Top tip: For a spring-clean start at the far end of the home and work your way towards the entrance. In a room always work from top to bottom, left to right ‒ it's the most efficient way to clean.
You ignore the housework for ages, and then have a mad blitz so the home is immaculate for a few days but then slide back into chaos.
Whirlwind cleaners are usually pretty driven, focused and high achieving so when they clean they insist on doing it all themselves. They think only they can do the best job. But the huge effort can be exhausting for them, and everyone around them, and make them irritable and snappy.
Solution: Get the family to help you, and be tolerant if they don't meet your exacting standards. Plan one large job to do each month to avoid crisis clear-ups. You need to relax more so plan an outing or chill out time for yourself and whoever helps with chores.
Top tip: Only clear one room at a time. Always start by picking up and storing clutter.
COVER UP CLEANER
You consider housework a waste of effort. So spills won't be wiped up straight away, and you use rugs or throws to hide marks or stains instead of tackling them.
These people think life's for enjoying, not for slaving over surfaces. Their idea of cleaning is a quick flick around with a duster, moving cushions around and putting out fresh flowers.

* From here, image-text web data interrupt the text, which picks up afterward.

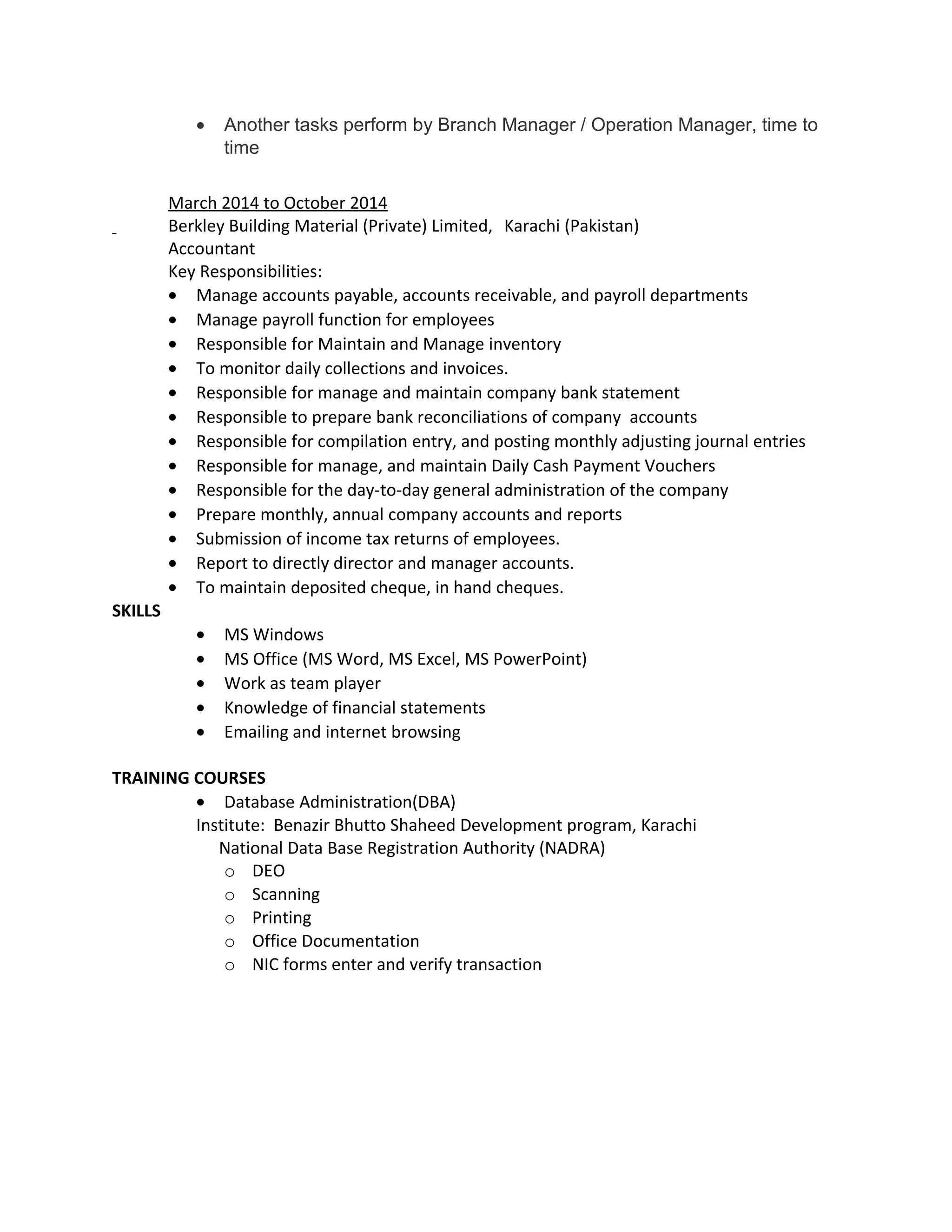 Sabihuddin qasimi resume (N) | PDF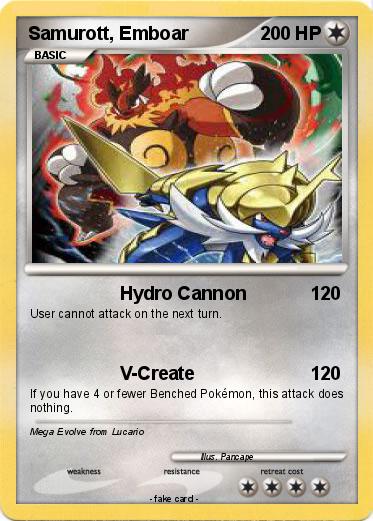 Pokemon Samurott, Emboar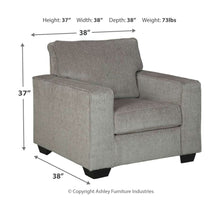 Load image into Gallery viewer, Altari - Chair With Ottoman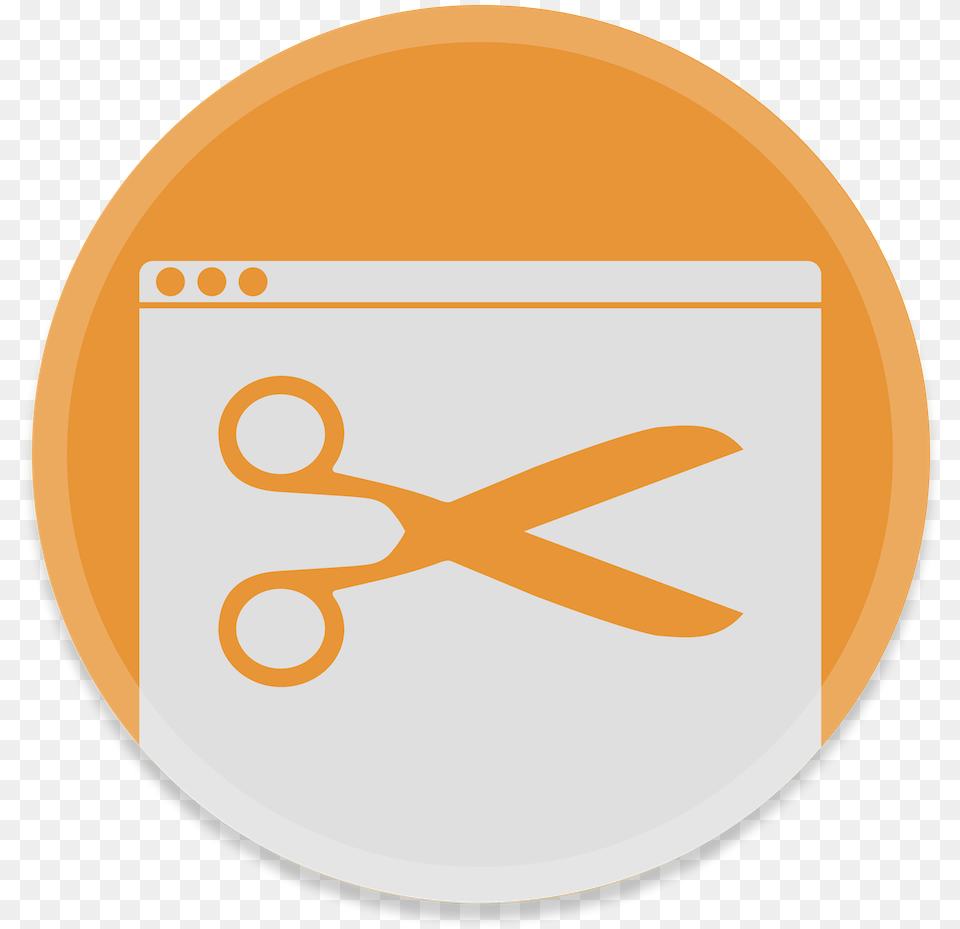 Grab Icon Circle, Scissors Free Transparent Png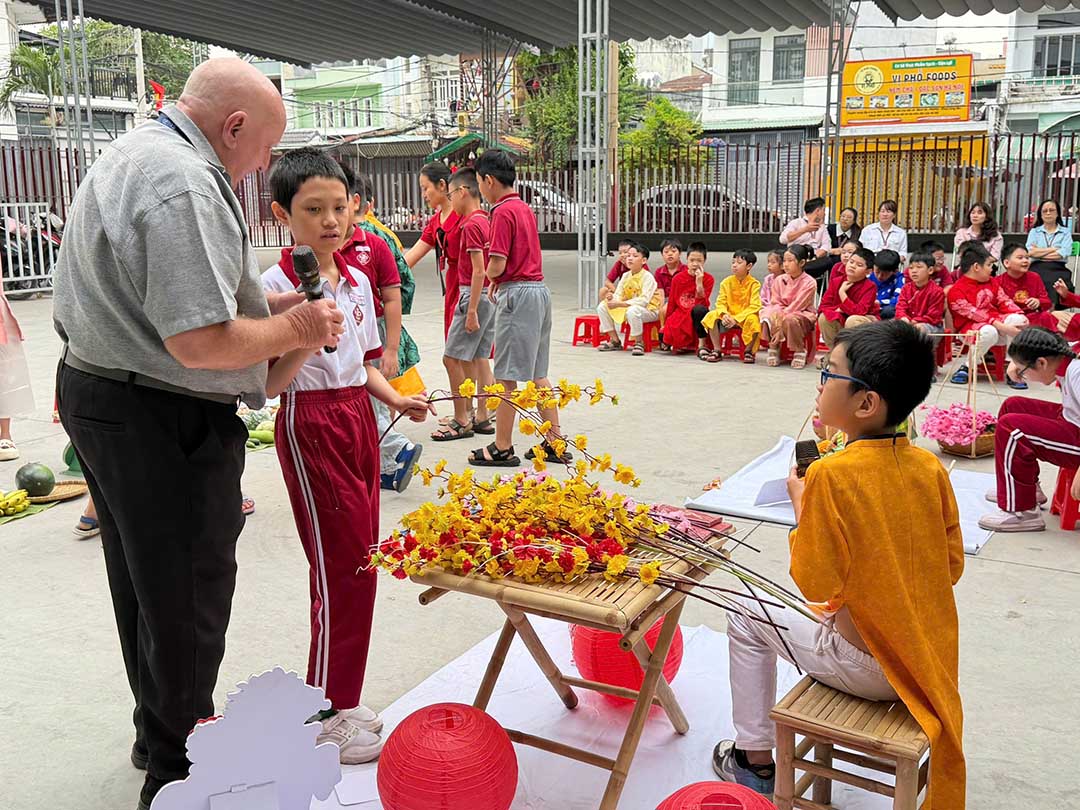 cho xuan trong gio hoc tieng anh 7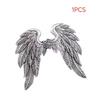 1/2Pcs Women'S Braid Hair Accessories Vintage Silver Angel Wings Hair Clip Ethnic Style Hair Decorations Zinc Alloy Hairpins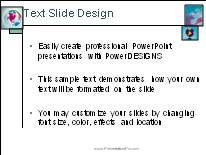 Global17 PowerPoint Template text slide design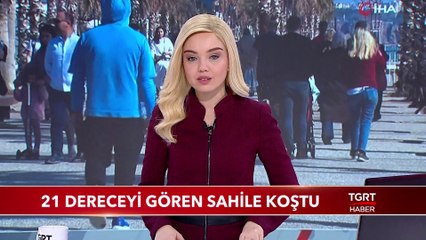 Antalya'da 21 Dereceyi Gören Sahile Koştu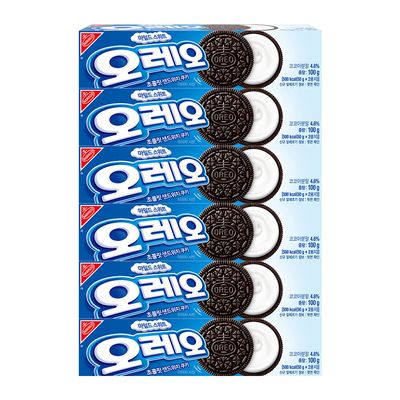 오레오 마일드 스위트 100g 6개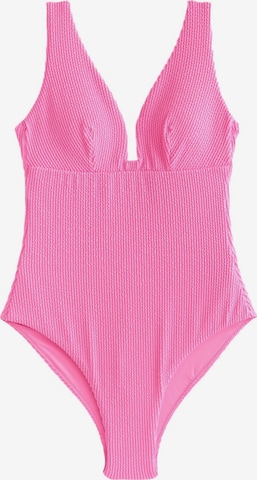 Triangle Maillot de bain modelant Next en rose : devant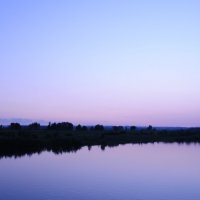 Закат на реке Белая :: Сергей Тагиров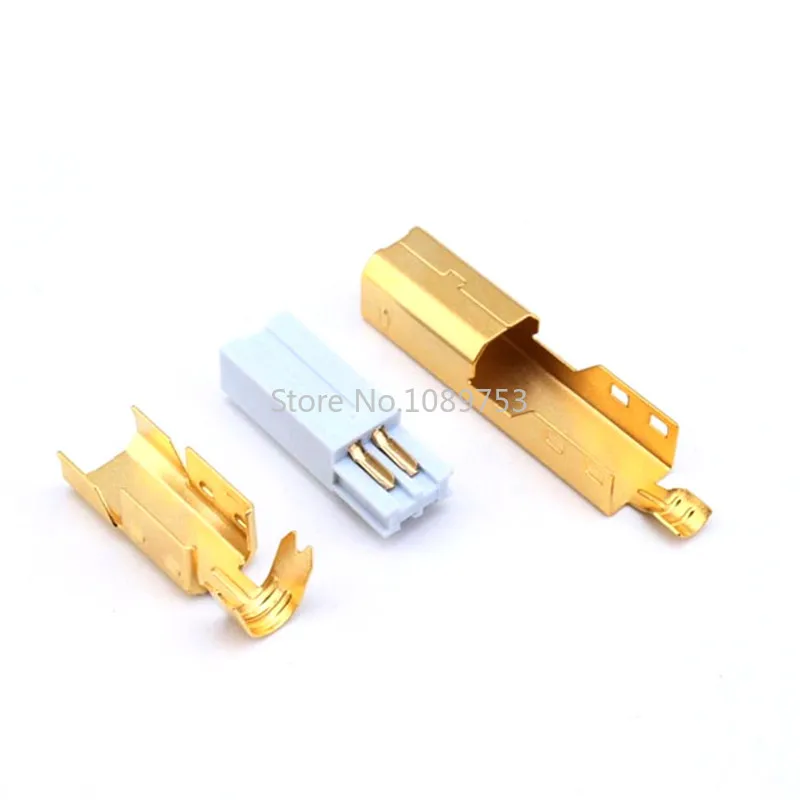 5 Sets Gold Plated USB 2.0 B Type Male THREE-PIECE DIY USB Connector Soldering Printer Tail Charging USB Jack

Solution: Make cleaning fun by getting the family to help. If you have children hide sweets or tiny gifts around the house for a cleaning "treasure hunt" so they find them as they tidy.
Organise a full set of cleaning products in a basket for each room in the house so you don't waste time hunting for the kit to do the job. Reward yourself at the end of a session with a treat!
Top tip: Use a grout brush on bathroom or shower tiles to remove stubborn build-up between tiles and on fixtures.